One Year Contract

Global Pharmacovigilance (GPV) is an operating department within Global Quality & Compliance of Apotex. The GPV department is involved in the processing and submission of adverse drug reaction reports production of periodic safety reports, signal detection and risk management to support the development and commercialisation of Apotex products in the markets in which we do business, in compliance with pharmacovigilance (PV) regulations & relevant ICH guidelines.

Performs oversight quality check activities of global pharmacovigilance processes including but not limited to: ICSR review and processing; regulatory reporting; case document management; literature reviews.

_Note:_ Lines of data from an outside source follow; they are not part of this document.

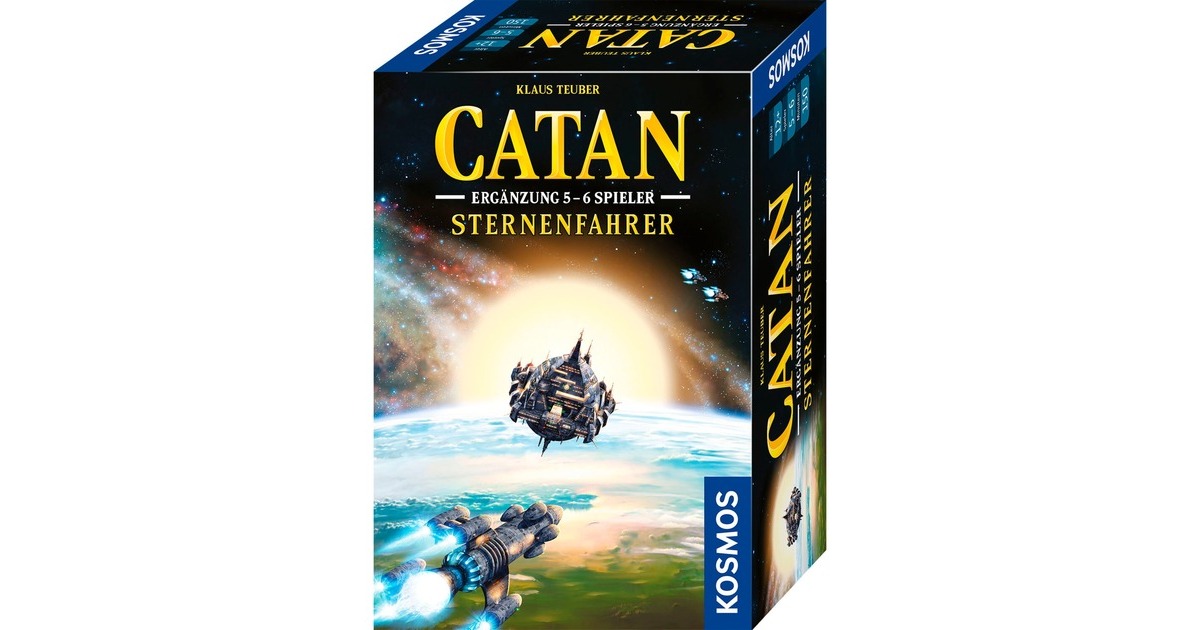 KOSMOS CATAN - Sternenfahrer Ergänzung für 5-6 Spieler, Brettspiel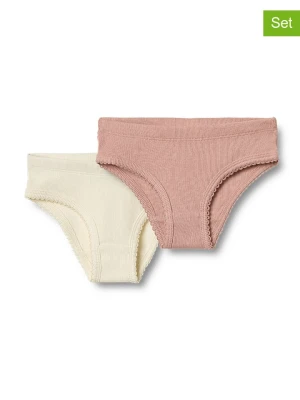 Wheat Majtki (2 pary) "Havanna" w kolorze kremowo-jasnoróżowym rozmiar: 92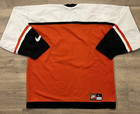 Vintage Philadelphia Flyers Nike Hockey Jersey Orange Large L 90s Made In Canada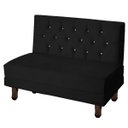 Ver imagem 5 de Canto Italy Confortável para Apartamento Cozinha e Restaurantes Suede Preto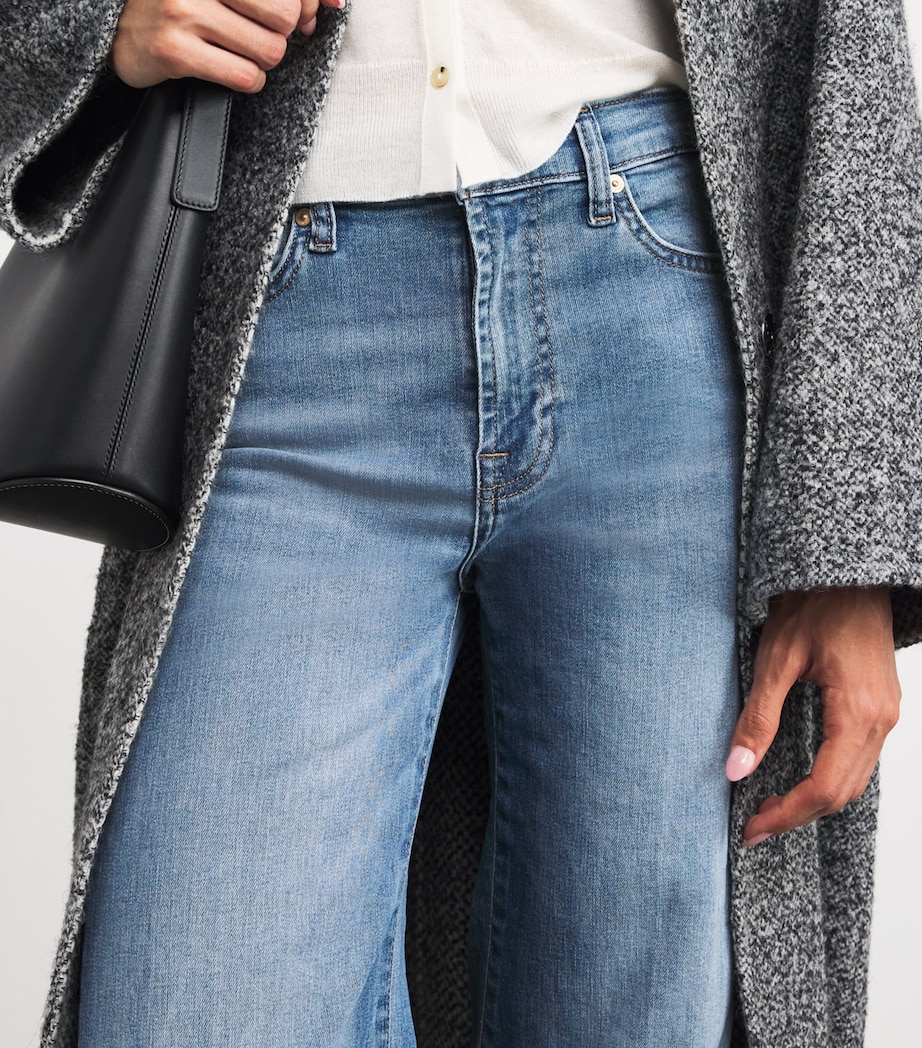 Modern Dojo Soho Flared Jeans LIGHT BLUE Image 6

Occasionally helps with reviews of Individual case safety reports (ICSR) and submissions to regulatory authorities, as needed. Interacts with internal (Global Business Services, Regulatory Affairs, Apotex Affiliates) and external customers (vendors) in relation to Pharmacovigilance process compliance.

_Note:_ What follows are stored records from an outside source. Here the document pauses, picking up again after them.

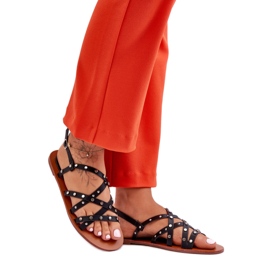 Step in style Sandales Modèle Alemona THS-88 Noir - Entrez avec style le noir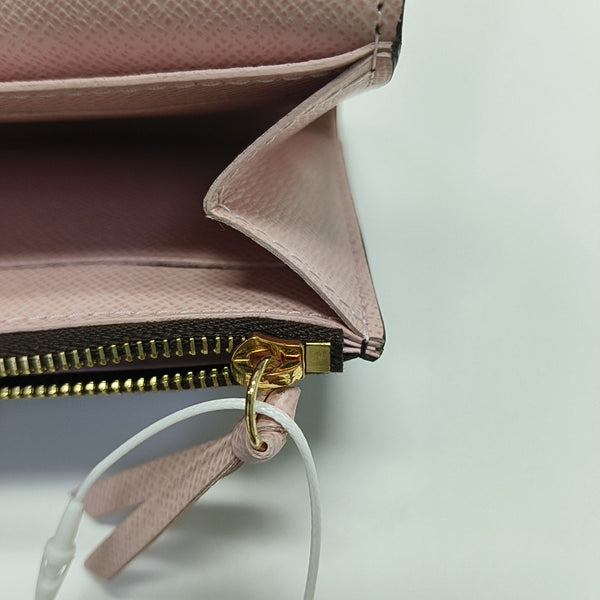 ROSALIE Monogram Coated Canvas Brown Wallet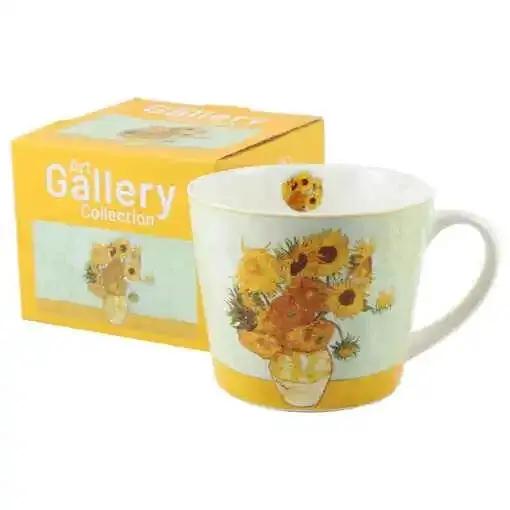 Cana din portelan 430 ml, Sunflowers - V. van Gogh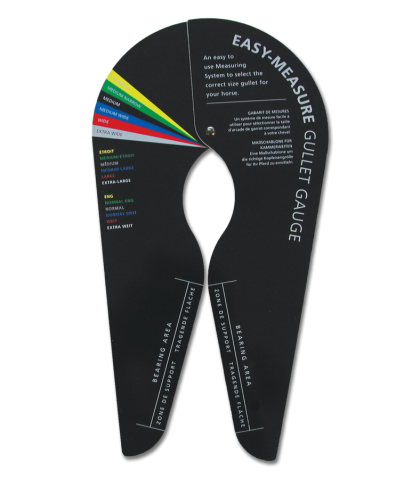 Шаблон мярка за седла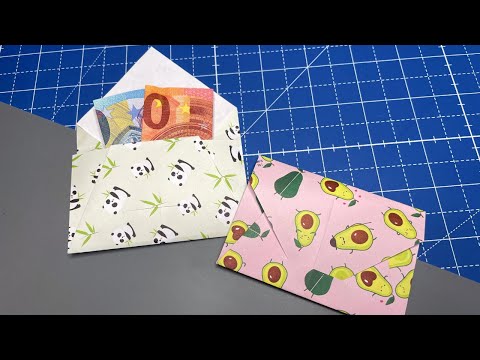 Kleiner Briefumschlag für Geldgeschenke basteln | Kreative Verpackungsidee ✉️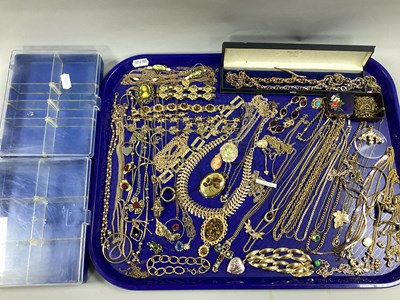 Lot 184 - An Assortment of Gilt Coloured Jewellery, to...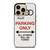 AUDI PARKING ONLY 2 iPhone 14 Pro Max Case Cover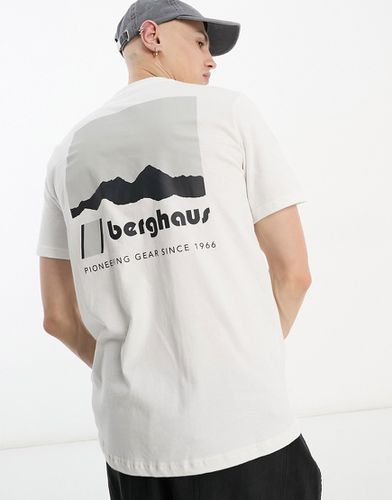 Skyline Lhotse - T-shirt bianca unisex con stampa - Berghaus - Modalova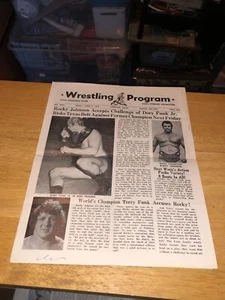 RARE 04/09/1976 NWA Houston, TX Paul Boesch PETER MAIVIA Wrestling Program WWF - Picture 1 of 4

• Performs secondary review of determined percentage of completed ICSRs to ensure they have been processed, reviewed and submitted in accordance with Global Pharmacovigilance procedures and regulatory requirements.

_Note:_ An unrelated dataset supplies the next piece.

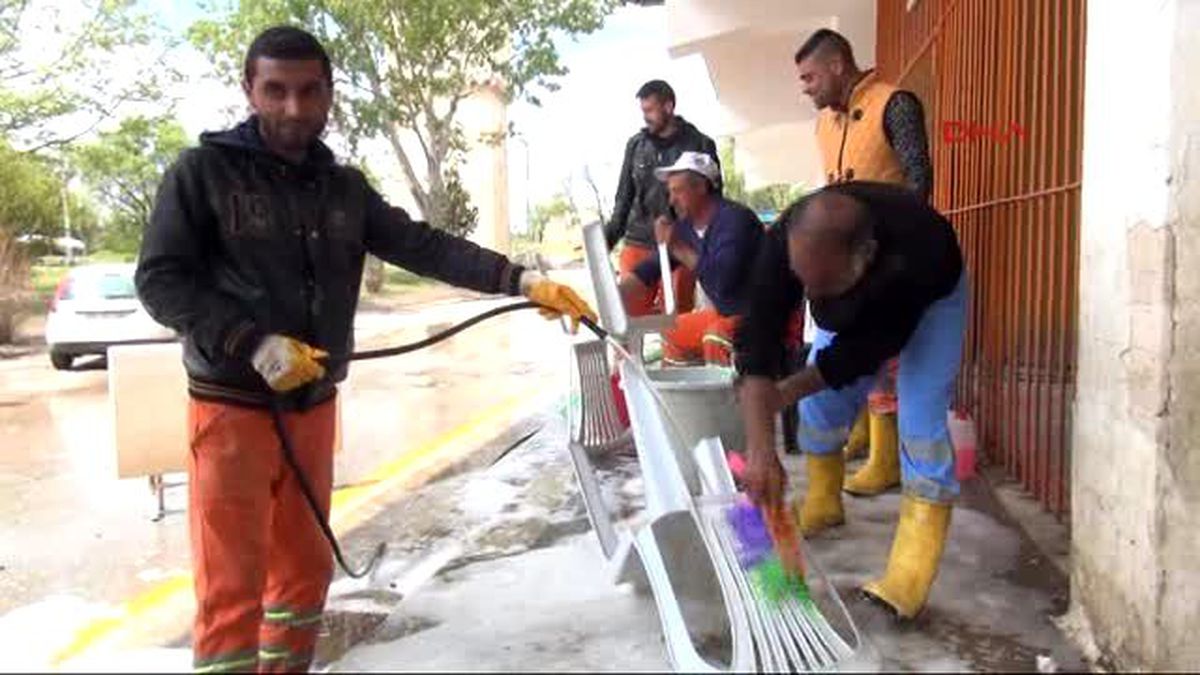 Edirne - Kırkpınar Er Meydanı\'nda Taşkın Temizliği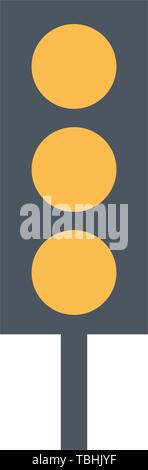 Traffic light sign icon - vector Stock Vector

• Performs applicable activities to support the Apotex Quality Management System, including oversight review of predetermined activities undertaken by vendors and Global Business Support function.
• Assists in the review and oversight of ICSR submissions undertaken by the Global Business Support Team as required to ensure compliance targets are not missed.
• Responds to case processing queries as raised by the Vendor.
• Manages and repsonds to ATI requests received from Legal
• Provides back up to Manager, Vendor Oversight and Safety Operations in their absence.
• Contributes to process improvement initiatives in consultation with management.
• Maintains user-level knowledge of Oracle ARGUS safety database and MedDRA terminology, as well as applicable supporting applications.
• Contributes to the creation and promotion of an environment of teamwork ensuring excellence in customer service through the timely delivery of quality drug safety data.
• Develops strong relationships with external partners, and international Apotex affiliates and demonstrates corporate values in the performance of work and in all interactions with others.
• Interact with other internal/external departments and third party vendors when necessary.
• Contributes to interpretation of PV regulations and applies sound decisions related to regulatory guidelines and policies.
• Shows initiative to remain current on new PV regulations and international guidelines and seeks guidance from management to enhance knowledge.
• Performs all work in accordance with all established ICH guidelines, regulatory compliance and safety requirements and maintains current knowledge on all relevant Pharmacovigilance regulations.
• Works in a safe manner collaborating as a team member to achieve all outcomes.
• Demonstrate Behaviours that exhibit our organizational Values: Collaboration, Courage, Perseverance, and Passion.
• Ensure personal adherence with all compliance programs including the Global Business Ethics and Compliance Program, Global Quality policies and procedures, Safety and Environment policies, and HR policies.
• All other relevant duties as assigned.

• Education
  • Ideally Health Care Professional (e.g. with medical, dental, pharmacy or nursing qualification) or have demonstrable experience within pharmacovigilance with a high level of medical knowledge.
• Knowledge, Skills and Abilities
  • Excellent detail orientated skills
  • Excellent technical & research skills
  • Excellent oral/written communication in English; bilingual preferred
  • Advanced knowledge of Microsoft office: Excel, PowerPoint, Word
  • Working Knowledge of safety databases, MedDRA coding convention
  • Excellent organizational & interpersonal skills; experience in working in a dynamic team environment
  • Knowledge of GMP, GCP, relevant PV regulations and ICH guidelines on safety data management in clinical trials and post-approval
• Experience
  • Minimum 4-5 years pharmaceutical industry experience preferably in a Pharmacovigilance role.